Oil everywhere: Ecuador Amazonians seethe over new spill

Agence France-Presse
Oil everywhere: Ecuador Amazonians seethe over new spill
A worker shows a rock stained with oil residues of the spill at the Coca river in Puerto Maderos village, Sucumbios province, Ecuador on February 1, 2022.
AFP/Cristina Vega Rhor

PUERTO, Maderos — There is oil in the water, on the rocks and in the sand where children normally play on the banks of the Coca River in Ecuador.  

Residents of Puerto Maderos make no effort to hide their anger at the latest crude spill to hit the Ecuadoran Amazon. 

"This damage is not for a month, two months... it will be 20 years" before things return to normal, said Bolivia Buenano, a merchant from the area some 120 kilometers (75 miles) from where the spill occurred.  

Buenano joined a cleanup crew put together by oil transport company OCP, whose pipeline was responsible for the leak, to bring some relief to the community of 700-odd people. 

No one can "bathe normally in the river, nor drink from here, there is no fish, there is nothing," she exclaimed while scrubbing a polluted containment buoy.  

Buenano complained about a lack of state investment in the Amazon provinces, which hold much of the country's oil wealth but are most affected by industrial disasters such as this one.  

'Like a waterfall' 

On Friday, almost 6,300 barrels of oil leaked into an environmental reserve in Ecuador's east, when heavy rains caused a boulder to fall on a pipeline. 

Cesar Benalcazar was one of several people who rushed to the scene to stem the flow of oil. 

"We tried to stop the crude from reaching the river, but the slope made it descend like a waterfall," said Benalcazar, 24.

OCP has said more than 84 percent of the crude has been recovered. 

But not before about 21,000 square meters (226,000 square feet) of the Cayambe-Coca nature reserve were polluted and crude flowed into the Coca River—one of the largest in the Ecuadoran Amazon and an important source for many riverbank communities.  

Rains and currents spread the stain for many miles.  

"We are tired because this is not a normal life.
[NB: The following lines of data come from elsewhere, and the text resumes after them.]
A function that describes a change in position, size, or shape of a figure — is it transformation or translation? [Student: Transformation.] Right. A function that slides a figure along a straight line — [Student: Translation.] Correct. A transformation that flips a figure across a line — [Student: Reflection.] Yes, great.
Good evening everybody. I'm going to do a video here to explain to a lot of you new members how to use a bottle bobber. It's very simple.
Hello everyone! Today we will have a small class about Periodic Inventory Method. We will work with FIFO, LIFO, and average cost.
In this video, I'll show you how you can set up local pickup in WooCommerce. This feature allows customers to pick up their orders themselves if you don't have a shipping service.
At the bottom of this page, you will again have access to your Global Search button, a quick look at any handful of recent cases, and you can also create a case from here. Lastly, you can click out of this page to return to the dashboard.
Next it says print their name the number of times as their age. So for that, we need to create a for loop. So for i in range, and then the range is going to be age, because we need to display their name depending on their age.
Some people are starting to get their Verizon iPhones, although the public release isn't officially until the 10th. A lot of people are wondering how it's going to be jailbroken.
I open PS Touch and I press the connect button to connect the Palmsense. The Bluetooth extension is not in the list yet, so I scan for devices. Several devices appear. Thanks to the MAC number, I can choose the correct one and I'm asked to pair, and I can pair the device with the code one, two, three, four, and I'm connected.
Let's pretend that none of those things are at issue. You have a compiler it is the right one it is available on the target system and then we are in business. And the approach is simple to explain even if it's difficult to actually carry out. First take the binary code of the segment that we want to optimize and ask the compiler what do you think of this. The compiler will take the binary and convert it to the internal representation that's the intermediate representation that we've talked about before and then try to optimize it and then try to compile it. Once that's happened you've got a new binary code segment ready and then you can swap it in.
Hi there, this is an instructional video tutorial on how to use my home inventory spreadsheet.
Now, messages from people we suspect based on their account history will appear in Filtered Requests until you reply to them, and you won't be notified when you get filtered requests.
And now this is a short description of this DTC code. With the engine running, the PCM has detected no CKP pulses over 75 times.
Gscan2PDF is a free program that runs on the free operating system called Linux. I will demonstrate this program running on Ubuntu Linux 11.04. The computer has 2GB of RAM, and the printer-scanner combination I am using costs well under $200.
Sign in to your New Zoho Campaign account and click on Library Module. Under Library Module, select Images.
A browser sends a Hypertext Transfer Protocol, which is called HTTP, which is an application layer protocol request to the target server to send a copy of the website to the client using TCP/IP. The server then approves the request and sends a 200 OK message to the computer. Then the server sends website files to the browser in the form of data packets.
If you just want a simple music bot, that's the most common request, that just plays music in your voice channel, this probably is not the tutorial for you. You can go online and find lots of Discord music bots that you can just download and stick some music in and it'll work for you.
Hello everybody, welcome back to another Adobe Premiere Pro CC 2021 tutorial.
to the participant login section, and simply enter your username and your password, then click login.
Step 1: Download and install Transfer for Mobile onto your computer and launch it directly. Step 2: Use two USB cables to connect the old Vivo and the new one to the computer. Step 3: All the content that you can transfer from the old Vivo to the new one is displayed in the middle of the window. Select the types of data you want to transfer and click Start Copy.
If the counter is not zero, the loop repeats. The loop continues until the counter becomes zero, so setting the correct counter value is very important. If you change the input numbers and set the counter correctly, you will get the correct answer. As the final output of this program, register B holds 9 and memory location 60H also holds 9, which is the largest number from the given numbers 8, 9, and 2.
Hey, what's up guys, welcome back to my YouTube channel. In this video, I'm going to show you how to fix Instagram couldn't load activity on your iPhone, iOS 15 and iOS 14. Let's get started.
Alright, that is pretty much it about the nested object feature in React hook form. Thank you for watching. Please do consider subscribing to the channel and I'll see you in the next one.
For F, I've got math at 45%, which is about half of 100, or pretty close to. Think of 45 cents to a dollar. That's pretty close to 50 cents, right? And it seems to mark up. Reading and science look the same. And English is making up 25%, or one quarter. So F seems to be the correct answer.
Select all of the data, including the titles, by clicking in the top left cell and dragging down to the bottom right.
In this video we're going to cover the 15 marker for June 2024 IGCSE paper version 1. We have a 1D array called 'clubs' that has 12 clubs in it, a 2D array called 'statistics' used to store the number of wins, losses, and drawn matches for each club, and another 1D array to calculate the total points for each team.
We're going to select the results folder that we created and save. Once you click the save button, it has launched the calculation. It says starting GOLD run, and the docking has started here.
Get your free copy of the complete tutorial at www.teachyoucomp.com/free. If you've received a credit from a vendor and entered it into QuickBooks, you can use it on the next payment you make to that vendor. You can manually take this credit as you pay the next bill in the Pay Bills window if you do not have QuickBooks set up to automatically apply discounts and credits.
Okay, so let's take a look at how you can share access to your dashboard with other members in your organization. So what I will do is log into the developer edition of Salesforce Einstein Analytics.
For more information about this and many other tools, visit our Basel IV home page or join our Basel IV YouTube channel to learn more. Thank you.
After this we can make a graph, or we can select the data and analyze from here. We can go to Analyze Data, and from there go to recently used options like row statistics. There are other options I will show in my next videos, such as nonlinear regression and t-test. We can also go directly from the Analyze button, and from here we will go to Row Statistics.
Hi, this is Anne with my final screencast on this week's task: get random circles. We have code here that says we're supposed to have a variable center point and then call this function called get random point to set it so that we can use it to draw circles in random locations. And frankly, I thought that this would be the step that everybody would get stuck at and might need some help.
Nature is not healthy, it is contaminated," said Buenano.  

"And this will continue as long as the pipeline and the crude oil network continue."  

In 2020, a mudslide damaged pipelines that spilled about 15,000 barrels of oil into three Amazon basin rivers, affecting several communities.  

Biggest export 

Crude petroleum is Ecuador's biggest export product.   

Between January and November 2021, the country extracted 494,000 barrels per day.  

Buenano and the rest of the cleanup team mutter indignantly while filling containers with polluted sand, which they stacked together for removal later. 

"We are the forgotten of God," said Rosa Capinoa, leader of the Fecunae Indigenous organization visiting the affected areas.  

"I know this is not something that can be fixed overnight, it will take a long time. Looking at this natural disaster is very painful," she told AFP.  

"The oil leaves here, and we as communities do not share in the profit. All we get is a water bottle, water tanks," added Capinoa in response to OCP delivering drinking water to affected populations.  

According to Ecuador's environment ministry, Friday's spill occurred within the Cayambe-Coca reserve of some 403,000 hectares, home to a vast collection of animals and plants. 

From there, it spread to the Coca River.

"We feel quite outraged because we experience this every two or three years," said Romel Buenano, a 35-year-old farmer in Puerto Maderos, who is not related to Bolivia Buenano.  

The 2020 disaster, he said, put an end to fishing for some time, and killed animals on the islets of the Coca.  

"It is not that with the cleaning, the pollution is over," he told AFP.